Provide the data again in its entirety, exactly as given.

Segment Start: DATASET EXCERPT

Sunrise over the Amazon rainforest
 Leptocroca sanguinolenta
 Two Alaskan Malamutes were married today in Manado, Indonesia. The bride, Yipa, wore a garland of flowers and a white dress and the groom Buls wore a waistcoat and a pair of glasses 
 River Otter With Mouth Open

Segment End: DATASET EXCERPT

## [RESULT OF THIS TASK]
Sunrise over the Amazon rainforest
 Leptocroca sanguinolenta
 Two Alaskan Malamutes were married today in Manado, Indonesia. The bride, Yipa, wore a garland of flowers and a white dress and the groom Buls wore a waistcoat and a pair of glasses 
 River Otter With Mouth Open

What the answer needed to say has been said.